This is the end of Chimney System and a good place for Lunch. Below this location, all the rappels are down the head-wall slabs and shallow troughs in and out of the water flow.
- R6 ~200' off bush anchor over a drop-off angling up right (serious pendulum issue)
- R7 ~150' off webbing high on a pine tree just DCL of the water course with thick big bush directly below
- R8 ~140' big oak tree 140' well DCL on a ledge
- R9 ~95' from slung boulder DCL
- R10 ~140' from a large Manzanita bush DCR down to several small ledges in the water course under a small overhang. The top ledge under the overhang has a ravenous rope eating crack. All ropes lowered, tossed or pulled from this side will end up stuck in this crack. One can continue the rappel 240' to a large ledge, but the last person MUST stop here!' The rope will get stuck here when pulled.
- R10 Alternate ~240' Use trees or other anchors on DCL.

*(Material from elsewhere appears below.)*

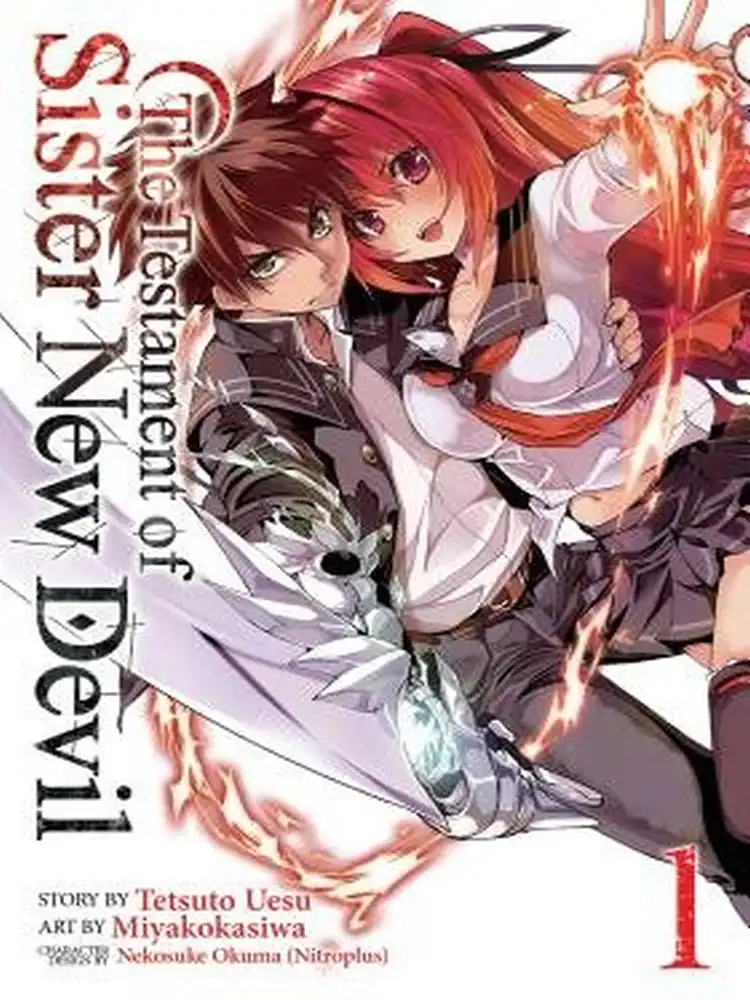 The Testament of Sister New Devil Volume 01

- R11 ~100' Sling the flake forming the ravenous crack. Have fun getting rope out of the rope eating crack in the pool.
- R12 ~100’ rock cairn DCL on big ledge DCL down a flat slab to a shallow pool. There is an easy down-climb around R12 DCR through the brush.

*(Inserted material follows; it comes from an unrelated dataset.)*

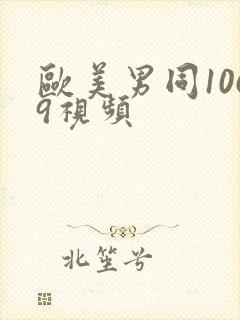 欧美男同1069视频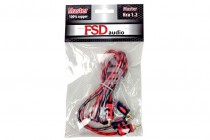 Межблочный кабель FSD audio Master RCA 1.2  - 1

- R13 ~185' from a slung rock chock DCL after a bit of down-climbing from the pool above.
- R14 ~80'ghost from tree down to the thicket below and the end of the head-wall slabs.
Once in the creek bottom, do not got down the water course. The brush is insanely thick and there is a steep V trough with chock-stones below. Instead, climb up out of the creek bottom DCL onto a narrow shelf that traverses out to 2 trees, one dead, one alive
- R15 ~150' ghost from the 2 trees
Below this it's easy enough to down-climb DCR over a big boulder and to much easier terrain below.
Exit[edit]
From the last rappel, head down Crescent Creek with some boulder hopping, short downclimbs, using animal runs (mostly DCL) and sometimes well above the creek level, and try to avoid the poison oak. Soon you will reach slabs DCL that are easy to walk down to a short dropoff. You can rappel this dropoff, or go back up DCR to a downclimb. Below this you are in Moro Creek, and it's a combination of brush, poison oak, downclimbs, pools to wade through. I generally found the creek bed itself to have no poison oak, but sometimes thick brush and plenty of downclimbs, some on slippery rock. Thus, choose your poison wisely! :) In one mile from the last rappel your will reach an open area and wide slab with the creek running through slot. At the bottom is a short dropoff (downclimb DCL) and a rock wall DCR below. This rock wall marks the exit trail. Hike up the trail 500 feet (horizontally) to the trailhead parking lot.
Red tape[edit]
Since this is inside Sequoia NP, you need to pay the entrance fee to get in/out of the park during business hours.
Beta sites[edit]
Trip reports and media[edit]
https://www.facebook.com/groups/583118321723884/permalink/3133753843326973
Background[edit]
Rick and Dominik had eyed this route in years past, but never got around to running it, mostly because it's normally class B or even A in a dry spell.